As an income trust company, they could afford to payout more then EPS. However, that changed when they became a corporation. It was expected that income trusts would decrease dividend yields and start to cover dividends with the earnings. The Dividend Payout Ratio for 2017 was 107% with 5 year coverage at 111%. Analysts expect that in 2018 the EPS will cover dividends. The DPR for CFPS for 2017 was at 59% with 5 year coverage at 59%. It is expected to be around 56% in 2018. They need to get this lower at 40% or below.

The Debt Ratios are fine. The Long Term Debt/Market Cap Ratio for 2017 is good at 0.25. The Liquidity Ratio can be low. It was good at 1.56 for 2017 with a 5 year median at 1.15. The Liquidity Ratio for 2017, if you add in cash flow after dividend is 1.85. The company, as most utilities do, often depend on cash flow to cover current liabilities.

The Debt Ratio at 1.73 for 2017 is good. The 5 year median is also good at 1.52. The Leverage and Debt/Equity Ratios for 2017 are 2.37 and 1.37 respectively with 5 year median at 2.81 and 1.81 respectively. This are rather normal for utilities.

The Total Return per year is shown below for years of 5 to 15. Under the Capital Gain column is the portion of the Total Return attributable to capital gains. Under the Dividend column is the portion of the Total Return attributable to dividends. See charts below.

Shareholders have been earning a good return.

Years Div.
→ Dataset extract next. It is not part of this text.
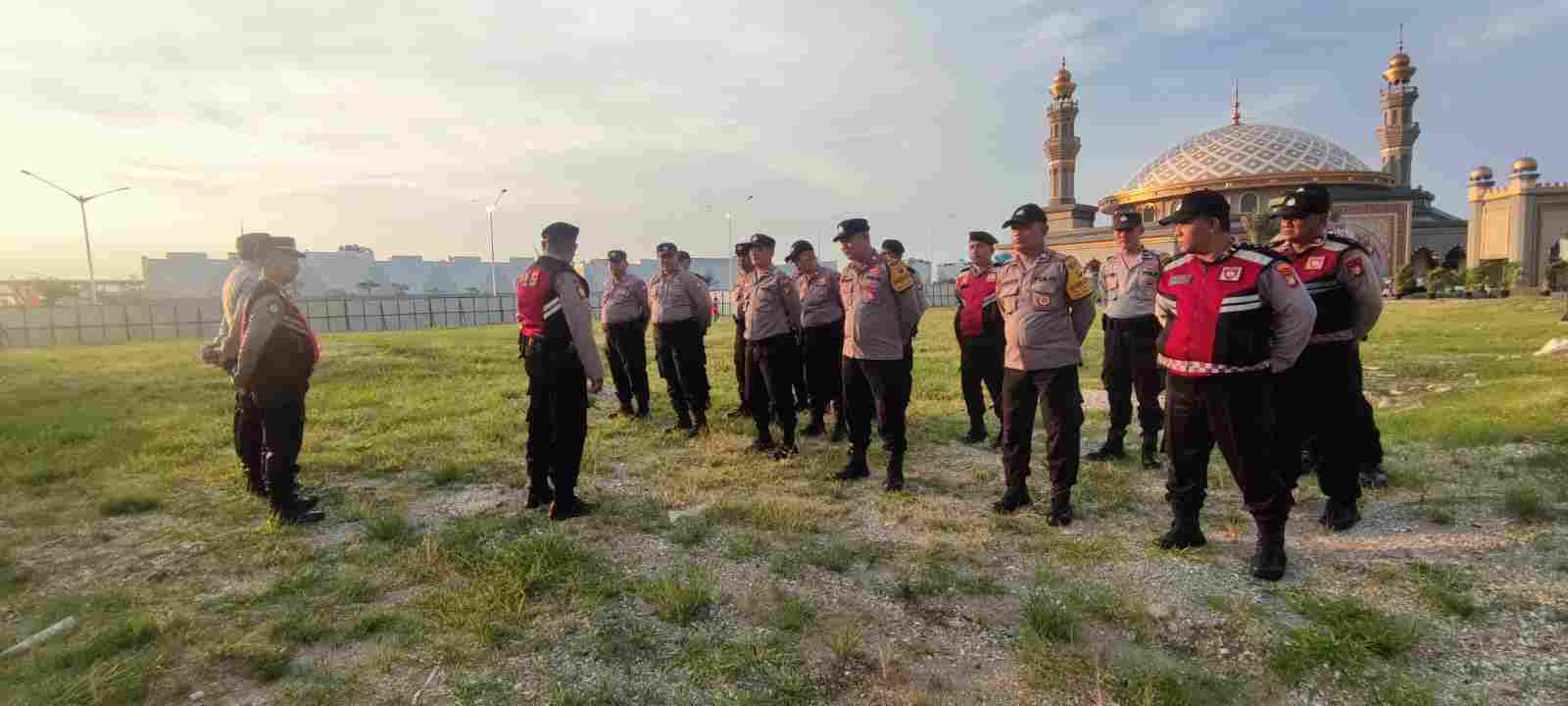Peresmian Agung Kelenteng Tian Fu Gong PIK Berlangsung Khidmat, Polisi Pastikan Pengamanan Berjalan Aman dan Lancar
Gth Tot Ret Cap Gain Div.
5 9.89% 12.37% 7.55% 4.82%
10 8.37% 20.54% 13.65% 6.89%
15 13.69% 21.67% 13.94% 7.73%

The 5 year low, median, and high median Price/Earnings per Share Ratios are 26.36, 30.28 and 35.35. The Corresponding 10 year ratios are 22.41, 25.70 and 28.77. The historical ratios are 19.55, 22.98 and 26.42. The current P/E Ratio is 16.81 based on a stock price of $30.42 and 2018 EPS estimate of $1.81. This stock price testing suggests that the current stock price is relatively cheap.

I get a Graham Price of $22.47. The 10 year low, median, and high median Price/Graham Price Ratios are 1.77, 2.11 and 2.47. The current P/GP Ratio is 1.35 based on a stock price of $30.42. This stock price testing suggests that the current stock price is relatively cheap.
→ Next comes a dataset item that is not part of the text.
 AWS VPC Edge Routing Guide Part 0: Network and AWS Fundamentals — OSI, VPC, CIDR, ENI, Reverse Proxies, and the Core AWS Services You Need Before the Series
I get a 10 year median Price/Book Value per Share Ratio of 3.86. The current P/B Ratio is 2.45 based on Book Value of $2,588M, Book Value per Share of $12.40 and a stock price of $30.42. The current ratio is some 36% below the 10 year ratio. This stock price testing suggests that the current stock price is relatively cheap.

I get an historical median dividend yield of 4.75%. The current dividend yield is 5.92% based on dividends of $1.80 and a stock price of $30.42. The current dividend yield is some 25% higher than the historical one. This stock price testing suggests that the current stock price is relatively cheap.

The 10 year median Price/Sales (Revenue) Ratio is 1.27. The current P/S Ratio is 1.44 based on 2018 Revenue estimate of $4,421M, Revenue per Share of $21.18 and a stock price of $30.42. The current ratio is some 13% above the 10 year ratio. This stock price testing suggests that the current stock price is relatively reasonable but above the median.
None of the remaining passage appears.